The Independence Of The Chinese Central Bank

1852 words - 7 pages

The Independence of the Chinese Central Bank

1. Introduction
How much degree of the independence the country’s central bank has? It concerns whether the country’s monetary policy is reasonable and scientific; whether the stability of currency value is ensured; whether the country’s economy could have a healthy development. The problem of the central bank’s independence is one of the most important problems of a country’s finance and legal development.
1.1 Definition
The central bank is a special financial institution, which has the power (given by the government)of making and carrying out monetary policy, giving the national economy control and management. The central bank is the bank of government; the bank of issue; the bank of banks; the bank of controlling macro-economy. The main difference between the central bank and the commercial banks is that the purpose of the central bank is not to make a profit, the purpose of the central bank is to give the service to the aim of the country’s macro-economy.

Therefore, the problem of the central bank’s independence is how much decision-making power the central bank has in making and carrying out monetary policy, controlling and managing the finance. The degree of the central bank’s independence is determined by its legislation definition and when the central bank uses its decision-making power, the extent of the central bank is subject to the government. In a way, the problem of the central bank’s independence is the confirmation problem of the central bank’s legal status and the relationship between the central bank and the government.
1.2 Background
Now many countries put the stability of currency value as the most important function of the central bank. During the First World War, the central bank increased the issue amount of the currency under the pressure of government for the need of finance in war. The independence of the central bank was destroyed.
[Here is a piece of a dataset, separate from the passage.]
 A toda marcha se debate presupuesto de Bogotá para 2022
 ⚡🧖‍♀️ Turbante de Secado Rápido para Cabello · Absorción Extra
It leaded to the serious inflation in most countries after the First World War.

This graph below is a practice study completed by the scholar of Harvard in1990. They use national economy statistical datum from 17 countries from 1951 to 1988.
The independence of central bank Country The rate of inflation
Very high Germany Switzerland 3.1%
A little high America Holland Japan Canada 4.4%
A little low France Britain Denmark Sweden Belgium etc. 6.0%
Very low Australia New Zealand Ireland etc. 7.5%

Through the study they get the conclusion that the rate of inflation increases when the independence of the central bank decreases.

Many developed countries such as Britain, Japan and Korea enhanced the central bank’s independence after they went through a serious financial crisis. Without the independence of the central bank, the stability of monetary policy and macro-economy cannot get the guarantee. The independence of the central bank is very important.